The moments that prove this are what shine brightest when placed alongside those initial fifteen or so minutes of pure life. It’s the shift in John’s demeanor and attitude that arises from “Sarah” being by his side crosscut with the heartfelt, knowing glimpses of his grandmother (Eve Plumb) showing that he’s actually alone. It’s the arguments he has with “Sarah” when feelings for someone else are stoked months after the accident, ones that ask whether Caitlyn (Yvette Monreal) is a replacement, potential love, or just distraction. John stumbles as he traverses this new and unfamiliar existence without his best friend—one that’s made infinitely harder knowing he’s not only a day’s car ride away. He’s emotionally distraught and in denial, crying for help without realizing that’s what’s happening.

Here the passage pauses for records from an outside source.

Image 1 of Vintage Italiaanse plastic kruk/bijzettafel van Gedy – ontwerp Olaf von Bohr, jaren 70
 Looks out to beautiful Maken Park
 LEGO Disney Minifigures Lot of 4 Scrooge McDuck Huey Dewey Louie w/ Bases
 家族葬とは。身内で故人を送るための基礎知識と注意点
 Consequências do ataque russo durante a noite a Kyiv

Unfortunately for the severity and efficacy of this tonal avenue mining the psychological impact of losing someone so young—alongside subplots dealing with Grandma’s mortality, Dad’s (Scott Lowell) lack of self-confidence, and Caitlyn’s own deep-seeded anguish yet to be uncovered—Duran veers towards comedy with moments that subvert the drama’s success rather than augment it. I get the reason, though. Some of the subject matter he’s dealing with is dark, cutting, and boldly shown with full complexity intact. While that stuff can get oppressive without a satisfactory release via distraction, I’m not certain a goofy boss bordering on slapstick (Joseph Lake Guffey‘s Chad) is the solution. This character is fine on its own, but I couldn’t help getting pulled out of the film whenever he entered the frame.

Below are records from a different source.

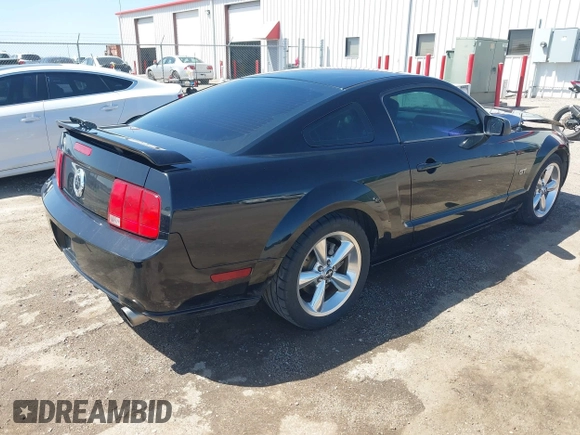 2006 Ford Mustang GT Deluxe with VIN 1ZVHT82H965254102, listed as a IAAI auction lot 41984368 with 185,498 mi miles. Bid and sale history available at carsss.com. Image 4.
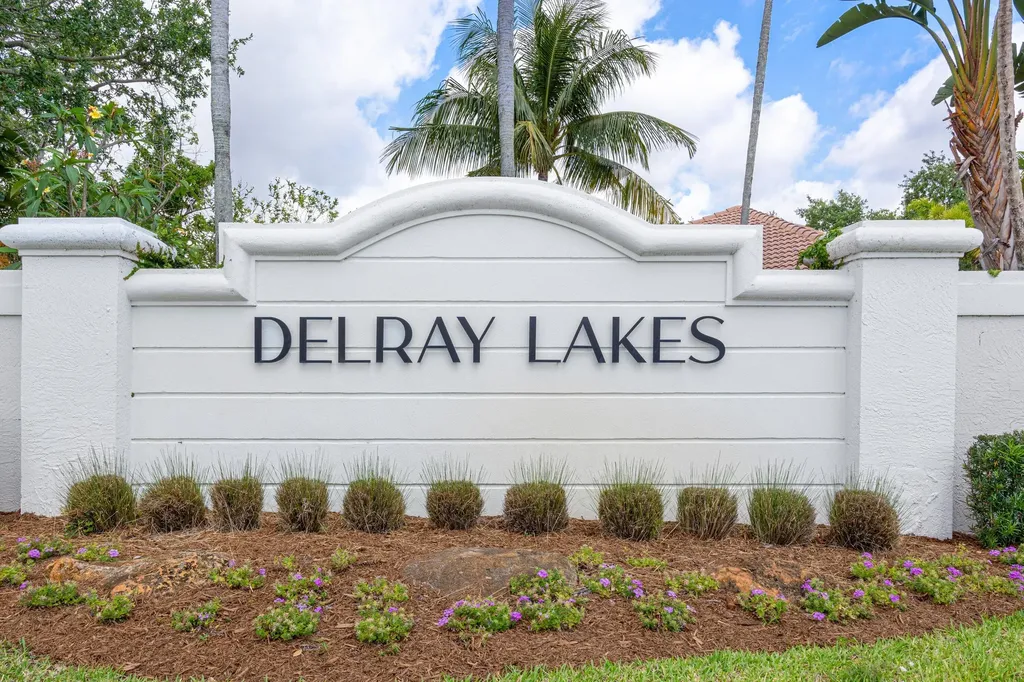 494 Enfield Court Delray Beach FL 33444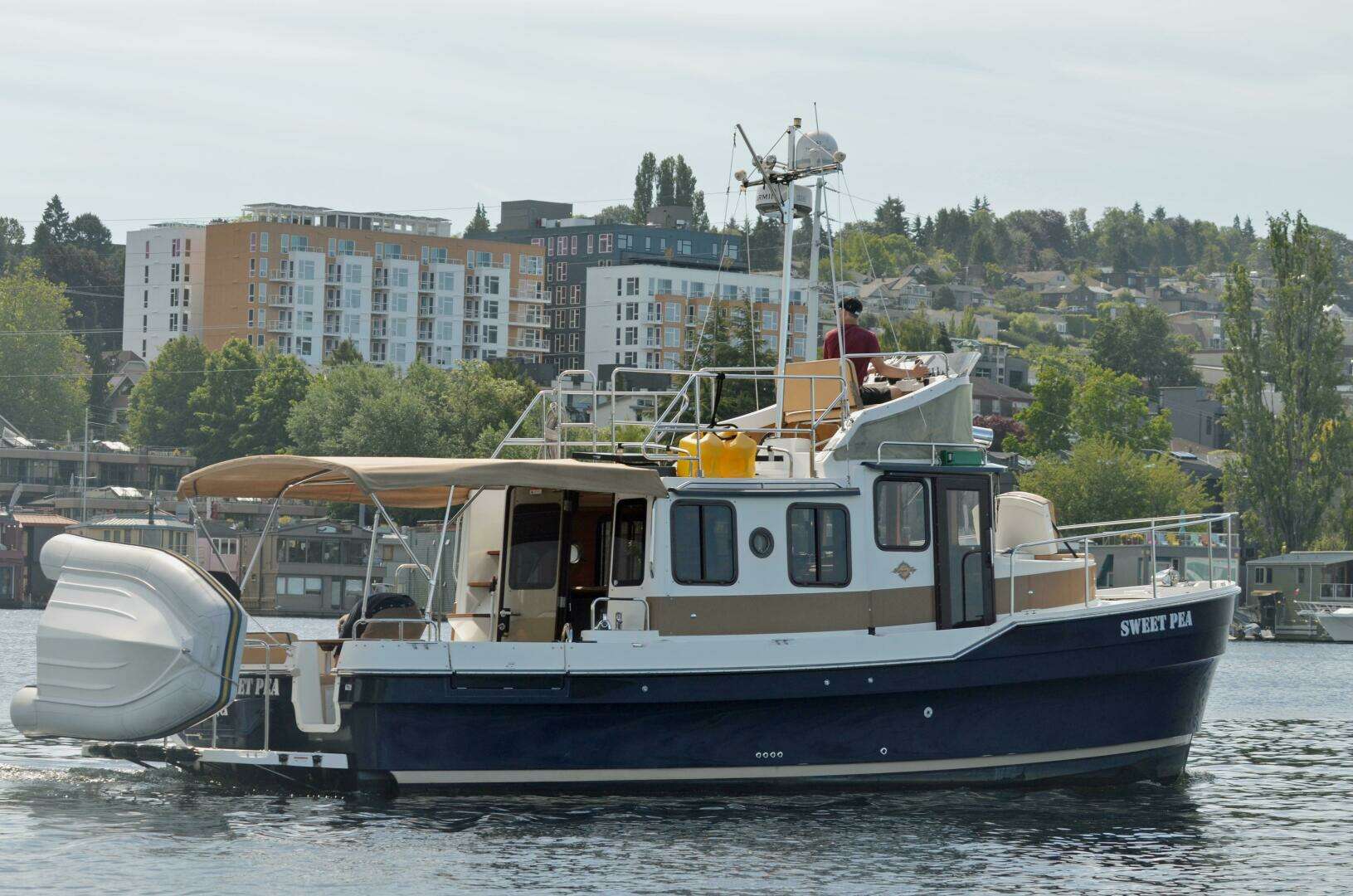 2013 Ranger Tugs R-31 CB - Image 4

This goes for certain situations wherein their surface works against their themes too. It happens at a party meant to focus on John’s instability and the ease at which he can numb his pain with alcohol. But while we infer this is the point of these circumstances and what happens afterwards with Caitlyn, it’s delivered as though part of a teenage sex comedy. That disconnect made it hard to wrap my head around intent until after Duran reins it in with a perfectly placed vision of “Sarah” at the most inopportune time. I’m not saying Monsoon shouldn’t deal with John’s age and the self-medication available to him—that’s an important part of the film. I merely wish it serviced the message more than its role providing comic relief.

I say this because many scenes pack a potent emotional punch deserving of space to linger. The closer John gets to being healed, the more adversarial his conversations with “Sarah” become. This means getting at the root of what he’s feeling and unearthing the guilt, shame, and regret lying below his grief. Pair this clarity with the anger and frustration felt by those surrounding him and the drama crescendos towards a nexus point of catharsis that never came off as manipulative to me. It helps that Grandma doesn’t have time for bullshit, Dad isn’t averse to tantrums (mostly in the form of running away), and Caitlyn isn’t some shallowly drawn love interest like first appearances presume. Besides Mom (Brenda Jean Foley), those closest to John may surprise you.

So I wonder what could’ve been without the injected humor. Monsoon is at its best when it lets its characters be vulnerable enough to slide into a rage that can’t simply be shrugged off with a laugh. This is why those moments shared between John and Caitlyn often hit the hardest. He’s constantly finding himself caught in a daydream consuming his reality while she’s discovering that her desire to open him up from his shell means leaving her own. Rather than force contrition upon them, however, Duran lets their emotions run their course because their shared trajectory isn’t about being saved or doing the saving. It’s about finding secure footing on their terms to remember they’re stronger because of those they lost, not weaker for having lost them.